Records contained in a dataset
*-*-*
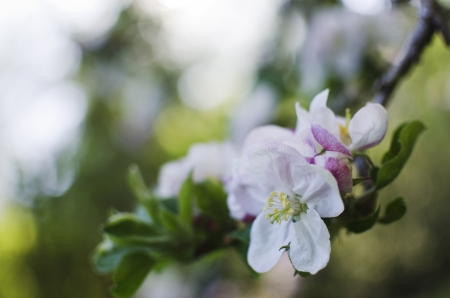 Cherry blossom on unfocused background , spring sceneの写真素材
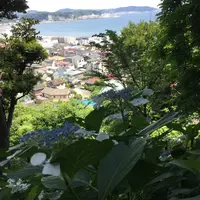 長谷寺の写真・動画_image_204021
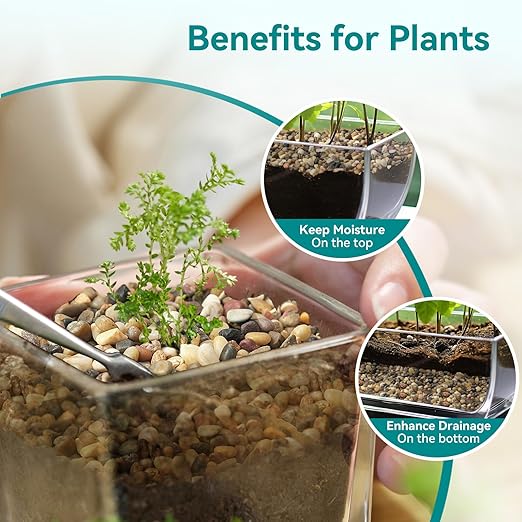 5 lbs Small Rocks for Plants, 1/5 Inch Gravel for Plants Drainage, Decorative Potting Pebbles for Indoor Plants, Vases, Bamboo, Succulent, Terrarium, Crafts, Cactus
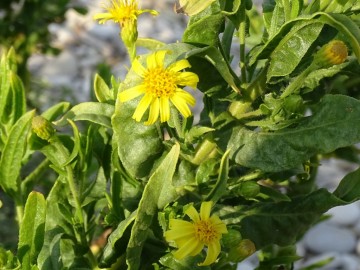 2021-09-06-fiori-Scerne-di-Pineto-62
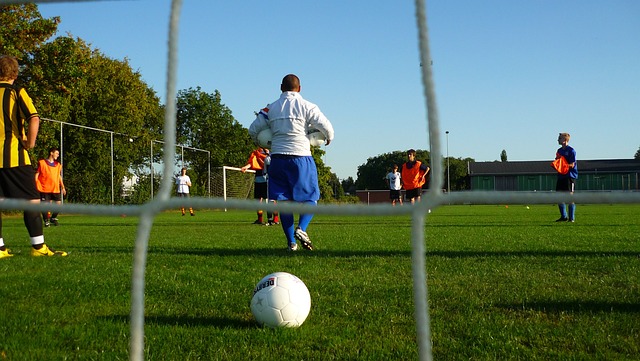 以填补李磊 以填补李磊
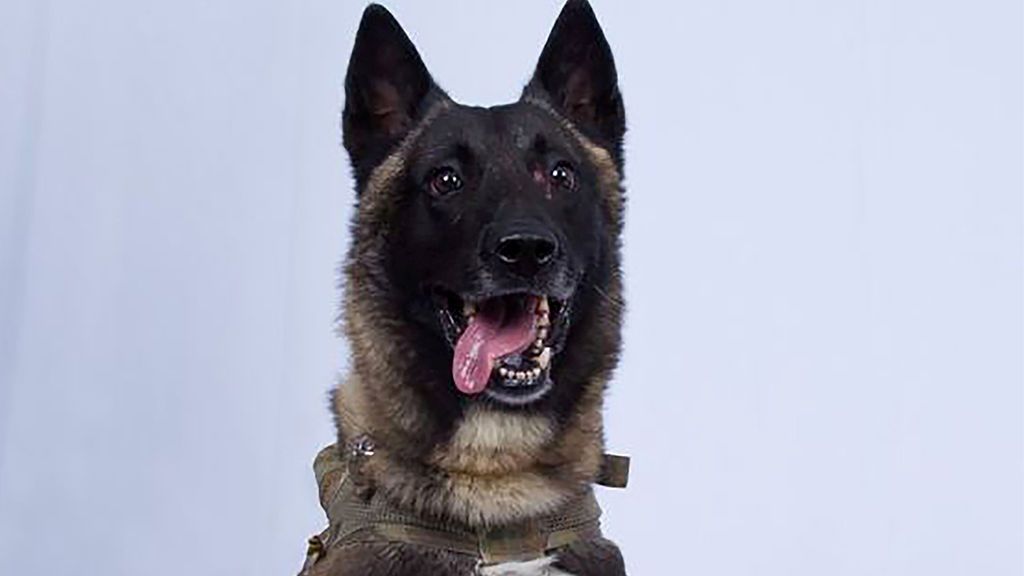 Un perro, clave en la captura del líder del Estado Islámico Un perro, clave en la captura del líder del Estado Islámico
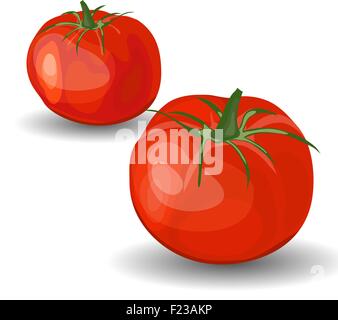 Set of Two Beautiful Glossy Red Tomatoes over White Background. Cute Icons Suitable For Creating Food, Fall, Thanksgiving Day, Harvest Day Designs. Vector Illustration. Stock Vector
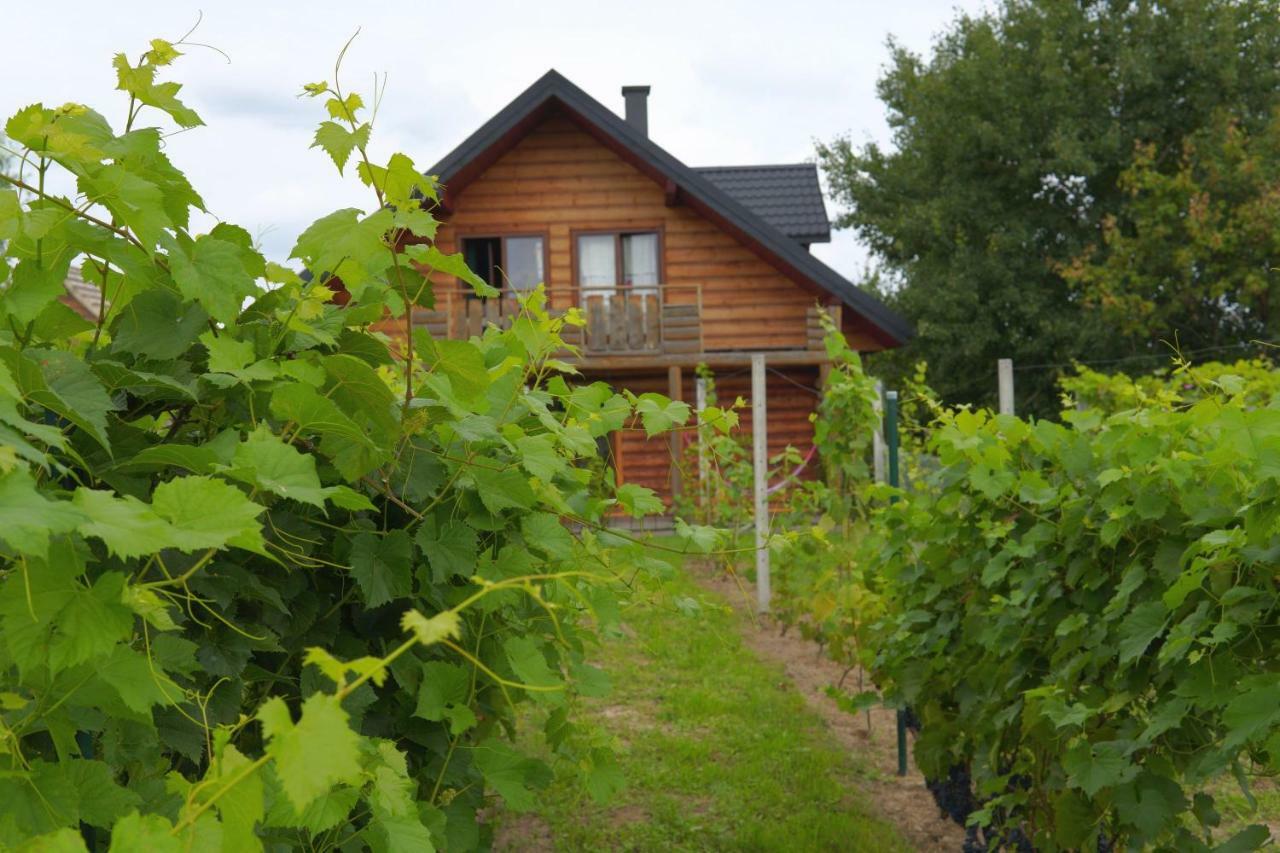 Dom Pachnacy Zywica Villa Bochnia Dış mekan fotoğraf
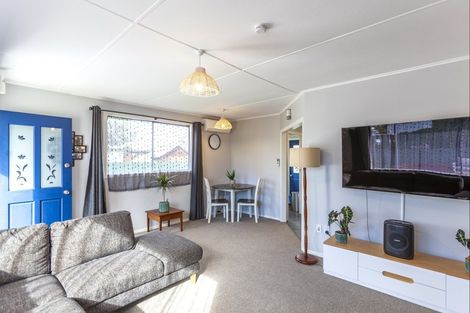 Photo of property in 1029b Konini Street, Mahora, Hastings, 4120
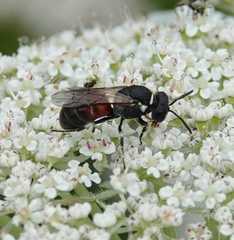 Hylaeus variegatus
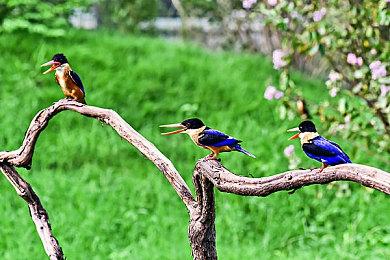 下周Epic免费游戏《铸铁》泄露 本作不支持中文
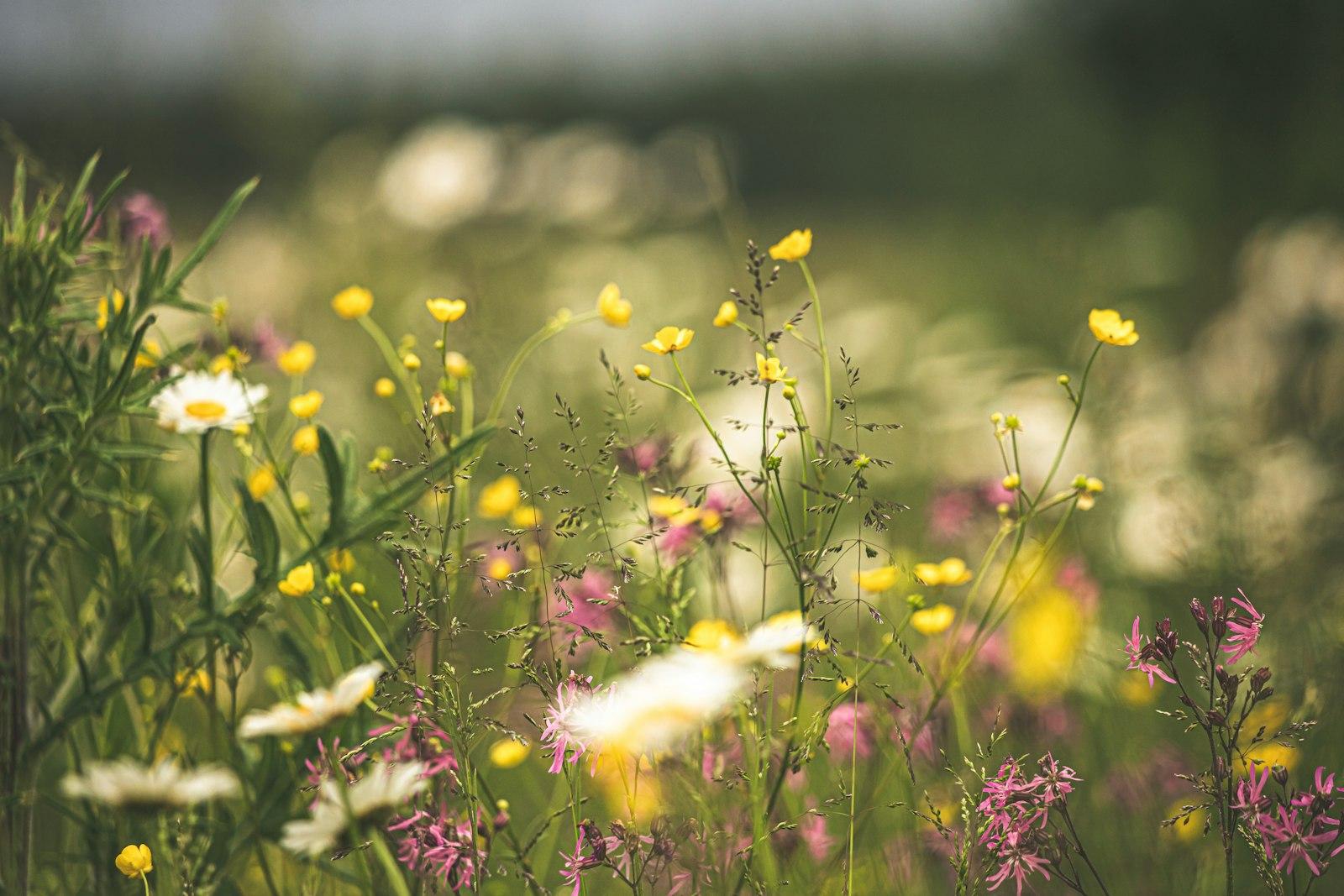 Beautiful Wildflower Meadow In The Summer jigsaw puzzle preview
*-*-*
_Task objective_: Print, without pictures, exactly the lines from the one containing "以填补李磊 以填补李磊" through the final line of the records above.

_Result_:
 以填补李磊 以填补李磊
 Un perro, clave en la captura del líder del Estado Islámico Un perro, clave en la captura del líder del Estado Islámico
 Set of Two Beautiful Glossy Red Tomatoes over White Background. Cute Icons Suitable For Creating Food, Fall, Thanksgiving Day, Harvest Day Designs. Vector Illustration. Stock Vector
 Dom Pachnacy Zywica Villa Bochnia Dış mekan fotoğraf
 Photo of property in 1029b Konini Street, Mahora, Hastings, 4120
 Hylaeus variegatus
 下周Epic免费游戏《铸铁》泄露 本作不支持中文
 Beautiful Wildflower Meadow In The Summer jigsaw puzzle preview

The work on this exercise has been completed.